So....I don't know really where to start, as I am new to this website and well, I'm technically not a step-parent yet.

I have been dating a man (who is 11 years older than me) for two years. He has two children, a son who is 14 and a daughter who is 3.

I will say that I have been blessed in the sense that we had not had issues with the BM (knock on wood) and she has never had a problem with me being around the children and such. I also have had nothing but great experiences so far with the children. I can honestly say my boyfriends two kids are really great. The teenage boy has been raised in really great, Christian environment and has wonderful values and awesome influence from his mother and father. They are both truly impeccable parents and do a great job co-parenting together.

My issue...well, I'm 24 years old, I have never been married, I do not have any children and I do not ever want my own children. I am very sure of this. I have never wanted my own children and I do not feel that will change.

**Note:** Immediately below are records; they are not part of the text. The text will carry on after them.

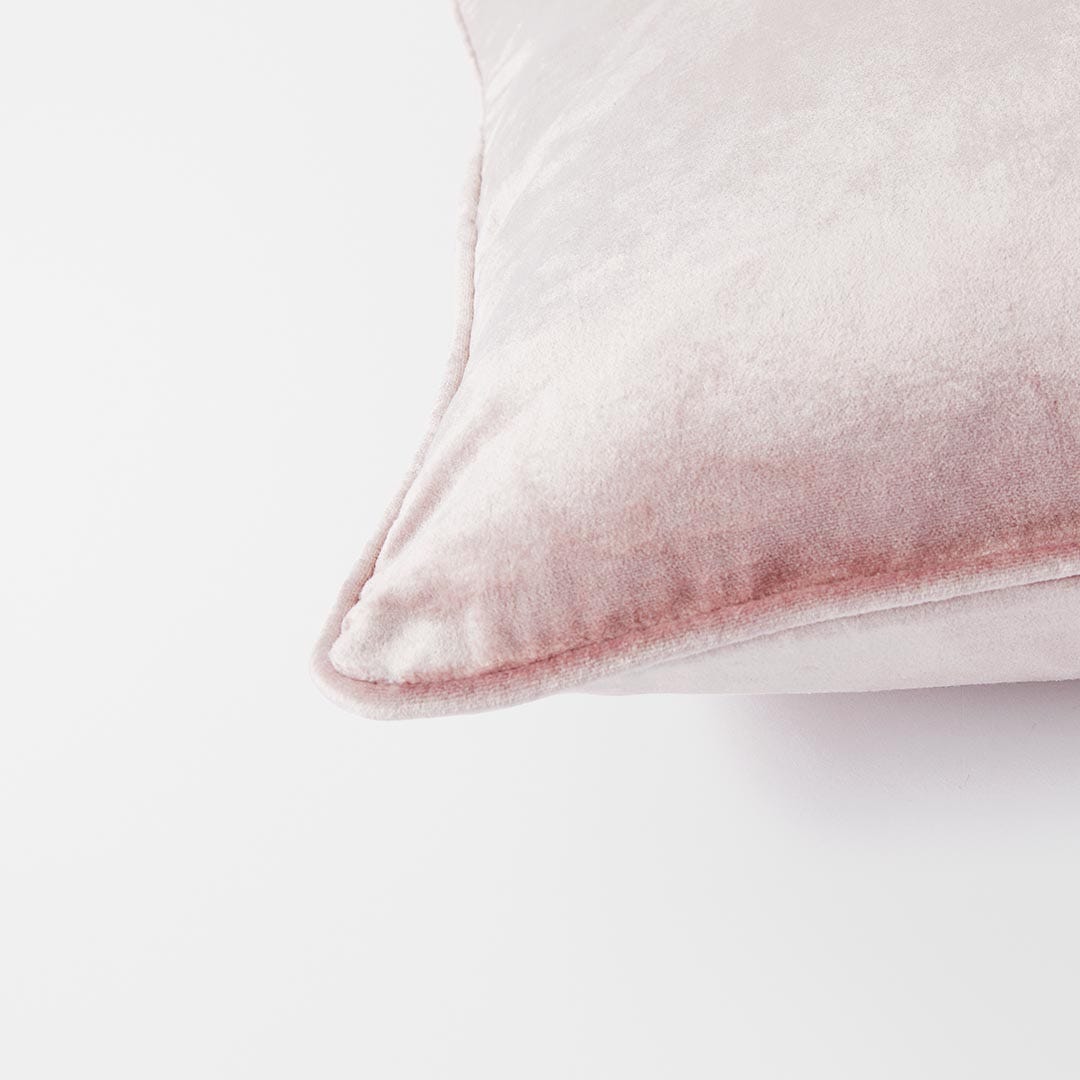 https://s3-ap-southeast-2.amazonaws.com/fusionfactory.commerceconnect.bbnt.production/pim_media/000/149/457/M_F_Margot_Velvet_Cushion_Dusty_Rose_18901720_Detail_SI.jpg?1685337624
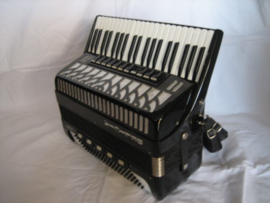 Te koop Accordeon Delicia Choral 26 Zwart als nieuw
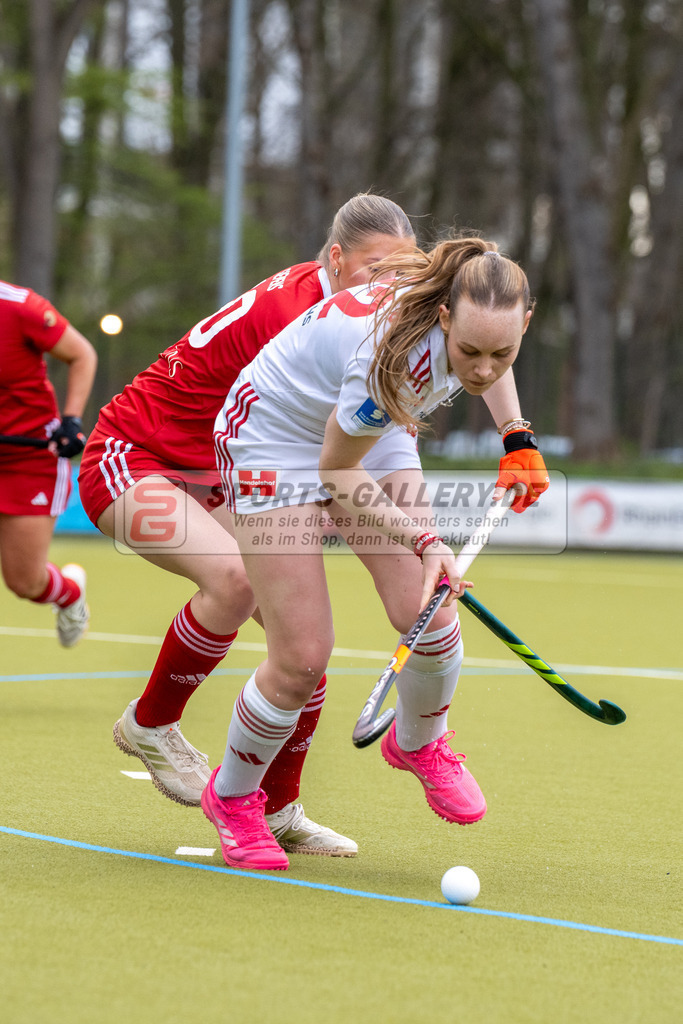 SFE_20260321_0070 | Köln, Deutschland, 21.03.26: Feldhockey 1. Bundesliga Damen zwischen Rot-Weiss Köln - Bremer HC im REWE Sportpark am 21.03.2026 in Köln, Deutschland. (Foto von Stephan Fehrmann)Köln, Germany, 21.03.26: Feldhockey 1. Bundesliga Damen between Rot-Weiss Köln - Bremer HC in REWE Sportpark at 21.03.2026 in Köln, Deutschland. (Foto from Stephan Fehrmann)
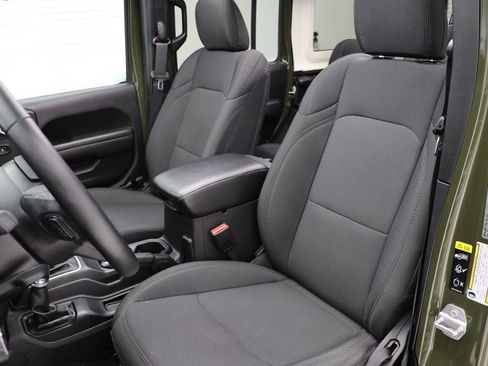 Used 2022 Jeep Wrangler Unlimited Sport w/ Sun And Sound Package AWD/4WD image 15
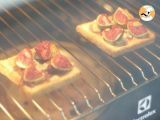 Bruschetta with figs, parmesan and Proscuitto - Video recipe ! - Preparation step 4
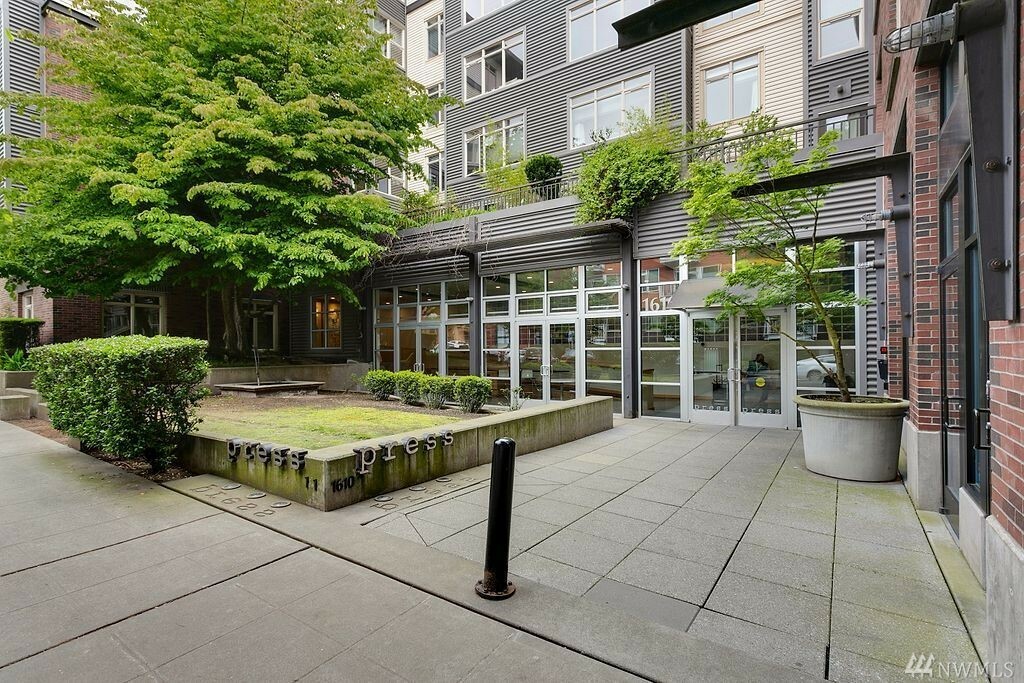 Property Photo: 1610 Belmont Ave 608 WA 98122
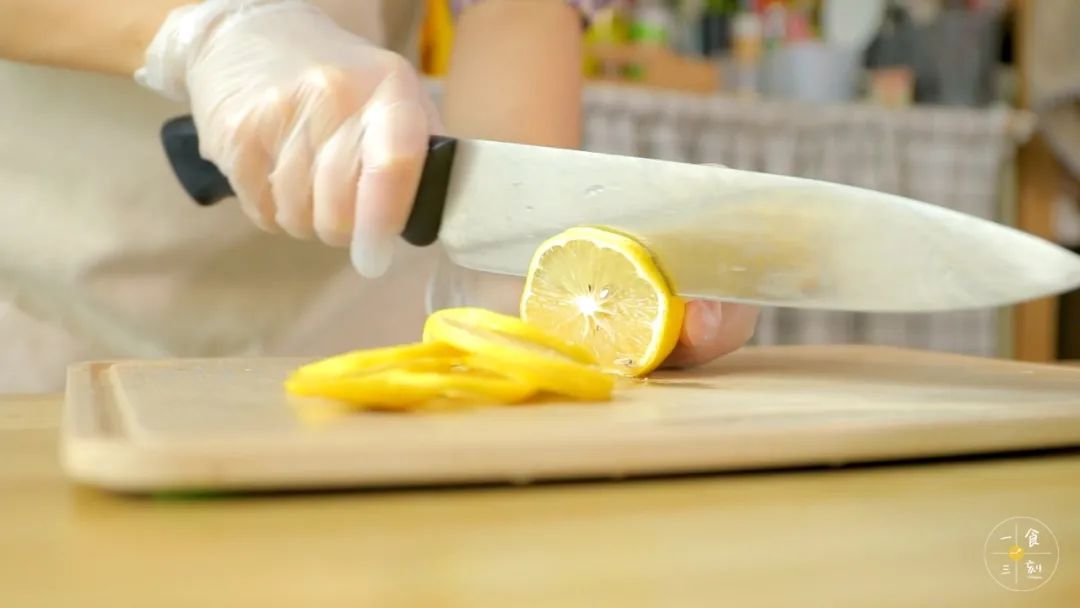 把柠檬一半切成片，一半备用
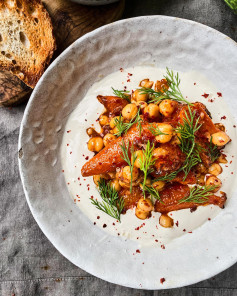 Still absolutely loving my harissa roast carrots & chickpeas with whipped tahini yogurt - I’m thinking for todays brunch 🎉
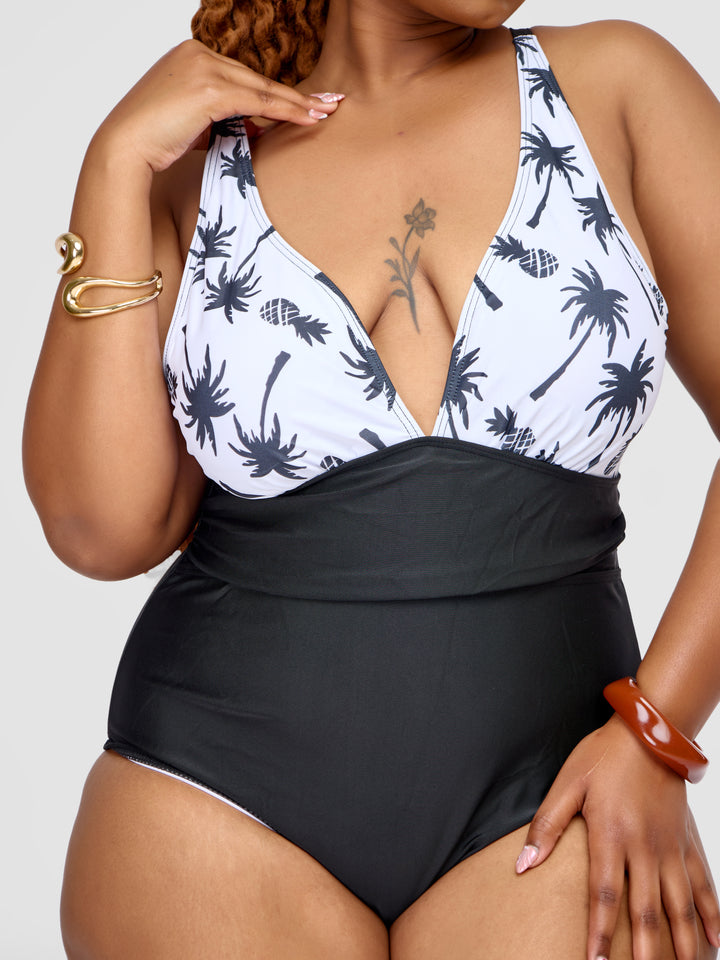 One piece with palm print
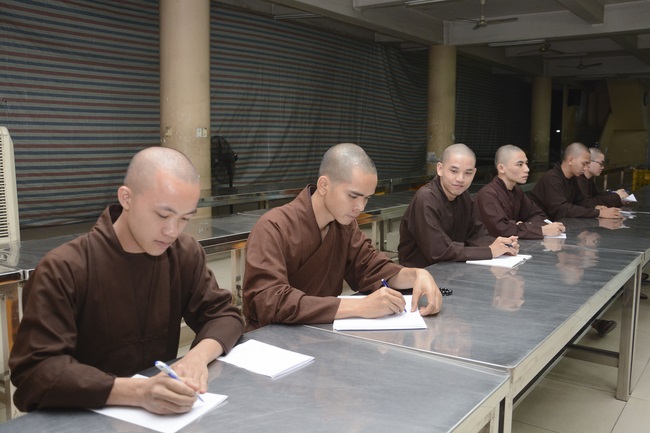 Buổi ôn chính tả dành cho chư Tăng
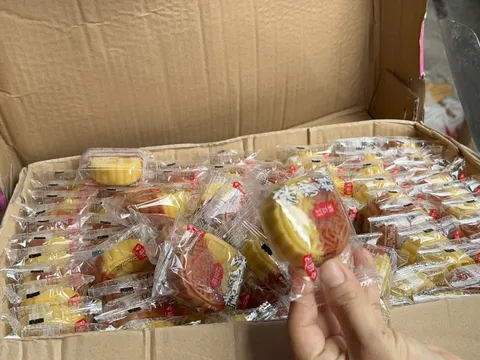 CLIP: Phát hiện gần 11.000 bánh trung thu nước ngoài giá siêu rẻ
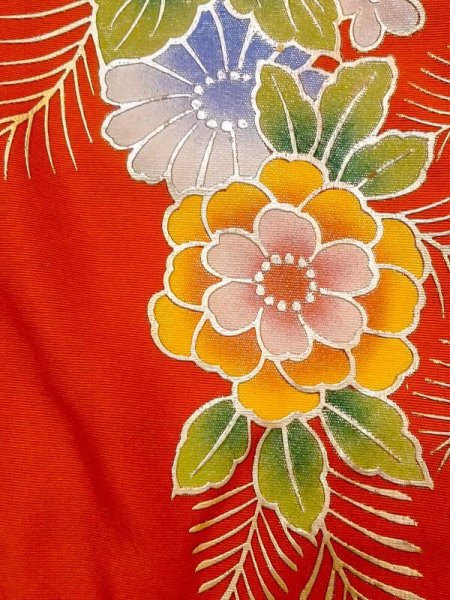 画像12: N0605C  女性用 打掛  シルク(正絹)   赤色, 花 【中古】 【USED】 【リサイクル】 ★★☆☆☆ (12)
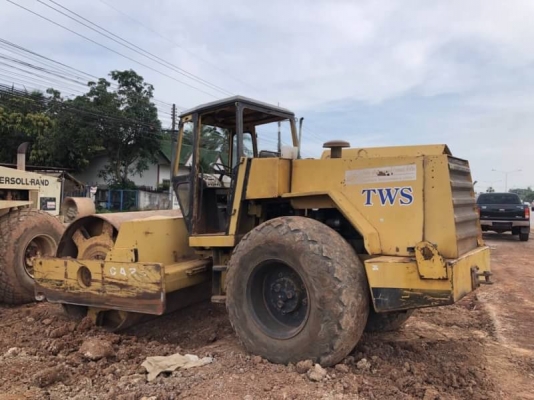 ขาย 395,000 รถบด 10 ตัน DYNAPAC CA25-II  ( 2 เพลา ) 2 เปลือก หนามหุ้มเรียบ  ถอดออกไว้ เฟืองปลายมอเตอร์แตก) เครื่อง คามินท์ (Turbo เสีย) ระบบสั่นสะเทือนพร้อมใช้งาน เอกสารเล่มทะเบียน  รถอยู่  อุดรธานี  โทร 0610710295  สนใจ รายการสินค้า อื่นๆ ที่ เว็ปไชค์ Tr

I met and fell in love with this man 2 years ago, and the one thing that really kept me from going out with him in the beginning was the fact that he had baggage. I envisioned meeting and falling in love with a man who came with no baggage, who had no desire to be a parent and who wanted our life to be about us together and we would spend our time with each other and our careers, and our money would be spent on whatever the two of us wanted to do. Well, my life hasn't exactly turned out that way so far lol Fortunately I found a wonderful man, who is a Christian, who is kind and caring, smart beyond belief and has a noble career. But, unfortunately, he comes with 2 children, and an ex wife, and a mighty hefty child support payment each month.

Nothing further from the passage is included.